Apesar dos riscos e ameaças que a Armênia tem enfrentado nos últimos anos, estamos determinados a alcançar a paz e a estabilidade na região, baseados no direito internacional e nas normas jurídicas. Para esse efeito, a Arménia tem realizado grandes esforços e estado envolvida, de forma construtiva, nas negociações com o Azerbaijão. Em outubro de 2023, havia uma chance real de fazermos um avanço no processo de paz. No entanto, o presidente do Azerbaijão (Ilham Aliyev) recusou-se a participar da reunião com a Comunidade Política Europeia, em Granada, e a aderir à declaração assinada pelo primeiro-ministro da Armênia (Nikol Pashinyan), o presidente da França (Emmanuel Macron), o chanceler alemão (Olaf Scholz) e o presidente do Conselho Europeu (Charles Michel), que descreve os princípios da paz entre a Armênia e o Azerbaijão. A retórica do lado azerbaijano tornou-se ainda mais beligerante. Em entrevista recente, o presidente do Azerbaijão questionou os princípios e termos previamente acordados sobre a delimitação das fronteiras com a Armênia e as reivindicações territoriais articuladas, referindo-se ao nosso país como "Azerbaijão Ocidental", o que é um absurdo histórico.

No contexto do desbloqueio das infraestruturas regionais, o governo armênio introduziu o projeto "Encruzilhada da Paz". Baseia-se nos princípios de soberania, jurisdição, igualdade e reciprocidade. Se utilizado, poderá tornar-se parte crucial do processo de paz e contribuir para o reforço dos laços comerciais e econômicos, trazendo à região a tão esperada estabilidade e prosperidade. Embora o Azerbaijão não rejeite formalmente os princípios acima mencionados, continua a promover as ideias que os contradizem os princípios — como, por exemplo, o envio de uma força externa ao longo da infra-estrutura no território soberano arménio, contornando a fronteira da Armênia.

O que é necessário para que Armênia e Turquia normalizem as relações?

A Armênia e a Turquia estão atualmente envolvidas em um processo de negociação destinado a normalizar as relações sem quaisquer condições prévias. No âmbito deste processo, ambos países nomearam representantes especiais para trabalharem na normalização das relações bilaterais. Também houve conversas e vários encontros a nível ministerial, bem como trocas ocasionais entre o primeiro-ministro Pashinyan e o presidente Recep Tayyip Erdogan. Além disso, depois das eleições presidenciais da Turquia, em maio, Pashinyan visitou Ancara e participou da posse do presidente reeleito da Turquia. Alcançamos um acordo sobre a abertura da fronteira terrestre entre Armênia e Turquia para cidadãos de outros países e titulares de passaportes diplomáticos. É importante mencionar que a Armênia concluiu as obras de construção e modernização do posto fronteiriço Margara-Alijan.
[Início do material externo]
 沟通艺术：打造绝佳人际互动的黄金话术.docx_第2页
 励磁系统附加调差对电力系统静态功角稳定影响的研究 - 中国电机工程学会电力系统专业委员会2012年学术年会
Estamos totalmente preparados para abrir a fronteira e antecipamos a vontade mútua do lado turco para implementar este acordo. Após o devastador terramoto na Turquia, em fevereiro de 2023, a Armênia enviou uma equipe de busca e salvamento para a Turquia, além de ajuda humanitária. Embora nunca liguemos a nossa resposta à catástrofe humanitária ao processo político, penso que este gesto contribuiu para aumentar a confiança e criar uma atmosfera positiva para as nossas futuras interações.